1. Phase Vertrauensbildende Maßnahmen
Um den Friedensprozess in Afghanistan zu beschleunigen, müssen die Medien diesen Prozess unterstützen. Dafür ist ein anderer Umgang mit den politischen Gegnern erforderlich. Begriffe wie Rebellen, Terroristen, Radikal-Islamisten o.ä. müssen künftig vermieden werden.

Alle Konfliktparteien verpflichten sich zur Achtung der UNO-Charta und der UNO-Menschenrechtscharta als Grundlage für die innen- und außenpolitische Zukunft Afghanistans.

Freilassung von politischen Gefangenen
Als Zeichen des guten Willens ist auf beiden Seiten die Freilassung von Gefangenen erforderlich. Die Freilassung von weiteren Gefangenen muss im Laufe der Friedensgespräche erfolgen.

Waffenstillstand
Alle Seiten erklären ihre Bereitschaft zu einem sofortigen und allseitigen Waffenstillstand.

Unter der Schirmherrschaft der Vereinten Nationen (UN) wird eine Kommission zur Überwachung und Einhaltung des Waffenstillstandes gebildet. Dieser Kommission gehören Vertreter der Übergangsregierung, der Opposition, der Armee und des bewaffneten Widerstandes sowie der internationalen Truppen (ISAF) an. Die UN bestimmen neutrale Beobachter, von denen einer den Vorsitz der Kommission übernimmt.

2. Phase: Petersberg II
Unter Vorsitz der UN wird eine zweite „Petersberg-Konferenz“ einberufen.

In dieser Konferenz müssen sowohl die afghanischen als auch die internationalen und regionalen Interessen berücksichtigt werden. Diese Konferenz wird außerhalb Afghanistans stattfinden und sie muss in der Lage sein, auf die afghanische Regierung Druck auszuüben, damit diese die Weichen für den Friedensprozess in Afghanistan stellt.

Die jetzige Regierung hat ihre erste Legitimation auf der ersten Petersberg-Konferenz erhalten. Daher ist eine neue Konferenz in diesem Rahmen geeignet, die ursprüngliche Legitimation zu überprüfen.

An der zweiten „Petersberg-Konferenz“ sollen Angehörige der Konfliktparteien, wie z.B. Vertreter der NATO, Mitglieder der Kabuler Regierung und Vertreter des bewaffneten Widerstands sowie einflussreiche afghanische Stammesführer teilnehmen.

Hauptthemen der zweiten „Petersberg-Konferenz“ sind:

  • Vereinbarungen zwischen dem bewaffneten Widerstand und der Nato.
  • Einigung auf einen Zeitplan für einen Abzug der internationalen Truppen aus Afghanistan.
  • Garantien für die Souveränität Afghanistans (keine Einmischung in die innerafghanischen Angelegenheiten).
  • Weichenstellung für eine Übergangsregierung.
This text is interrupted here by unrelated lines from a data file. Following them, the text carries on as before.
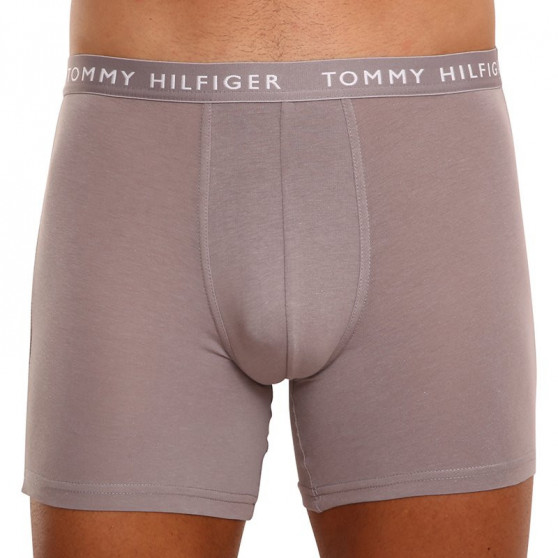 3PACK boxer uomo Tommy Hilfiger multicolore (UM0UM02204 0TG)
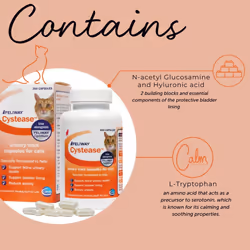 Feliway Cystease 300 Capsule Pack, 300 Feliway Cystease Capsules For Cats Urinary Tract Infection Treatment, Cat Supplements To Help Stress Related Bl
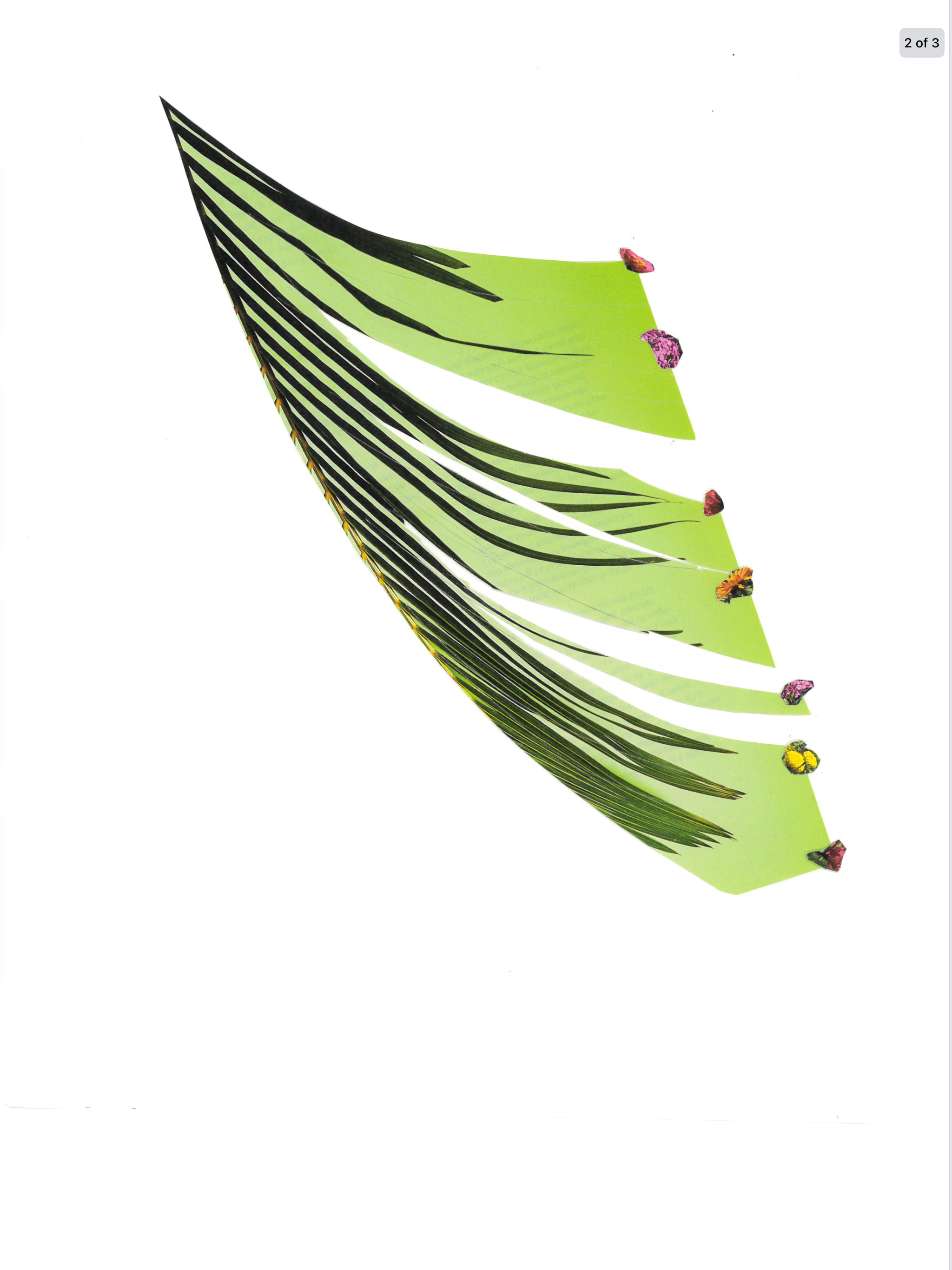 IMG_1136.png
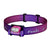 Purple and pink Fenix headlamp on a white background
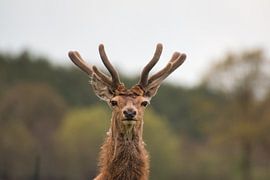 Noble such a deer by Natuurpracht   Kees Doornenbal
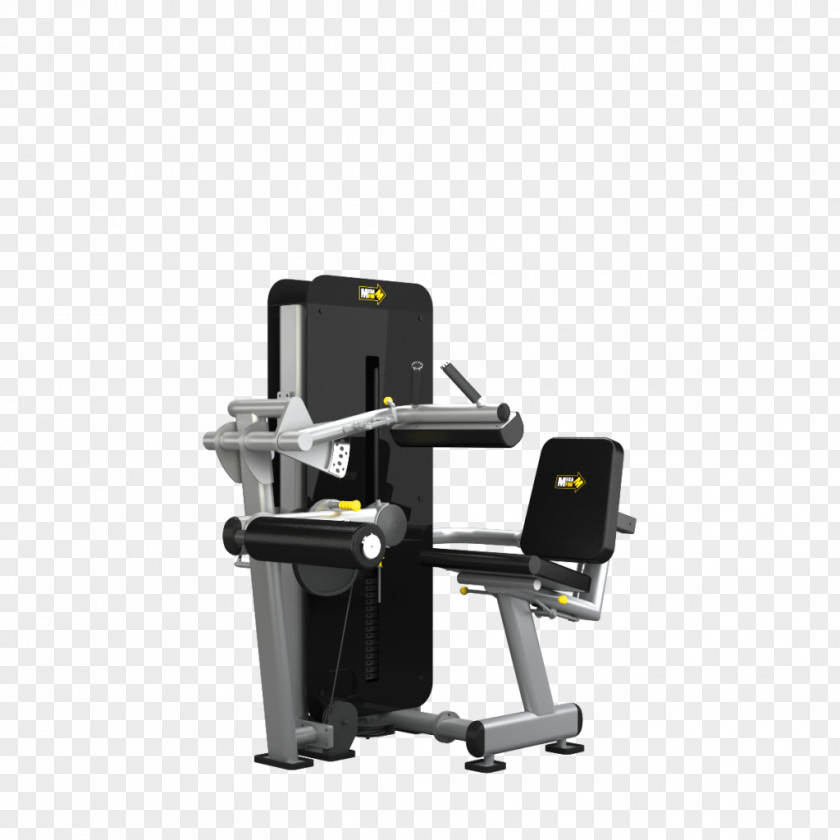 Bodybuilding Squat Exercise Bench Press Fitness Centre PNG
Dieser Regierung dürfen nur erfahrene und neutrale Mitglieder angehören.

Die Übergangsregierung muss in der Lage sein, einen Rahmen für die Zukunft des Landes und für einen Frieden in der Region, u.a. durch eine gemäßigte und auf Ausgleich bedachte Außenpolitik zu schaffen.

Für die Lösungssuche bietet der bewaffnete Widerstand an, seine Beziehungen zu den Staaten, die den Widerstand bisher unterstützt haben, abzubrechen. Darüber hinaus sichert der bewaffnete Widerstand seinen Verhandlungspartnern verbindlich zu, keinerlei Unterstützung von ausländischen Kämpfern in Afghanistan anzunehmen oder zu dulden.

Die Internationale Gemeinschaft sichert den Fortbestand der bisherigen Hilfsleistungen an Afghanistan zu und fördert den wirtschaftlichen Aufbau und die Ausbildung von Fachkräften.

3. Phase: Rahmenbedingungen für weitere Gespräche und Verhandlungen
Gespräche über eine Friedenslösung für Afghanistan müssen auf verschiedenen weiteren Ebenen geführt werden.

  • Innerafghanische Gespräche: Dazu wird eine Jirga gebildet, der in der ersten Phase ausschließlich Stammesführer angehören, die alle Nationalitäten und zumindest die wichtigsten Stämme Afghanistans vertreten. Diese Jirga erarbeitet zuerst die Modalitäten für die innerafghanischen Gespräche und Verhandlungen und zieht danach Vertreter der unterschiedlichen Konfliktparteien hinzu.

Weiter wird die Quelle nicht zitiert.